# Bald Eagle Video Cam (Live Broadcast)



## FaeryBee (May 9, 2011)

*



"The First Lady" laid her first egg of 2016 on February 10th, and laid her second egg on February 14th early in the morning. 
Both parents will carefully incubate the eggs, and both eggs are expected to hatch about 35 days after being laid.

Click to expand...

Washington DC Live Bald Eagle Cam

© 2016 American Eagle Foundation, EAGLES.ORG*


----------



## PoukieBear (Sep 27, 2013)

I love seeing these live feeds every year!


----------



## FaeryBee (May 9, 2011)

*I do too, Michelle. 
How wonderful to get a glimpse into their world. *


----------



## aluz (Jul 24, 2011)

This sure is exciting and I hope all goes well with the eagle pair and their incoming chicks! :fingerx:
I tried to watch from both cameras and it seems to not be working for me. 
Maybe I don't have permission to watch due to geographical constraints.


----------



## Pegg (Jun 7, 2011)

I love nature cams!


----------



## shanebudgie (Feb 5, 2016)

thanks so much for posting the link.bald eagles are truly a magnificent Bird.I love to watch them soar and catch fish.it's a awesome site to see.blessings everyone.


----------



## FaeryBee (May 9, 2011)

*One of the eaglets has hatched now!

https://www.washingtonpost.com/news...-to-hatch-at-arboretum-in-d-c/?wpisrc=nl_buzz*


----------



## aluz (Jul 24, 2011)

Yay, welcome to the world, little one!! arty: This video I was able to watch.


----------



## FaeryBee (May 9, 2011)

*So apparently, those in other countries can see the videos but not the streaming live-cams.
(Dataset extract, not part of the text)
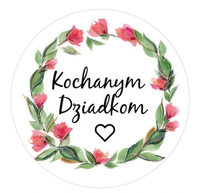 naklejki kochanym dziadkom średnica 55 mm -  12 szt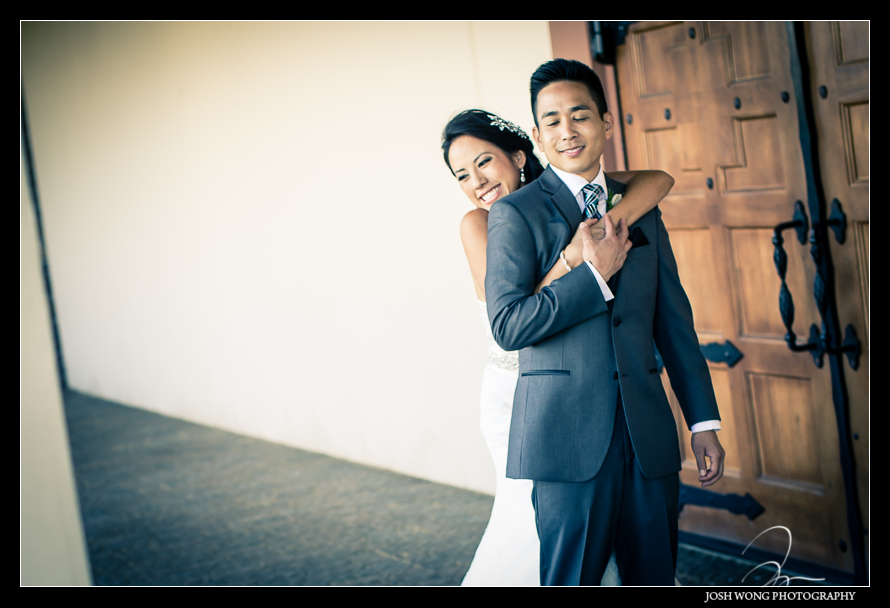 The First Look - A magnificent wedding at Casa Real at Ruby Hill Winery, Pleasanton, Ca. Wedding pictures by San Francisco wedding photographer Josh Wong Photography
Such a cute little eaglet. *


----------



## tonic (Nov 13, 2009)

I can see the streaming live cams.... lucky me!


----------



## StarlingWings (Mar 15, 2013)

Beautiful little eaglet and thank you so much for the live feed link, Deborah! I so love experiencing the wild like that  

As a side note, if anyone's looking for some interesting cams, check out Africam--it's a network of several wildlife cameras in a national park in Africa. I've seen elephants, hippos and zebras on there! It is a live feed, so it's hard for me to watch because of the time difference (it's almost always night over there when I turn it on) but I'm sure some of the rest of you could see it 

I love bald eagles, they're so majestic. We have a breeding pair that has lived by our lake for several years now, sometimes we even see them swoop down to snatch up a fish. Magnificent


----------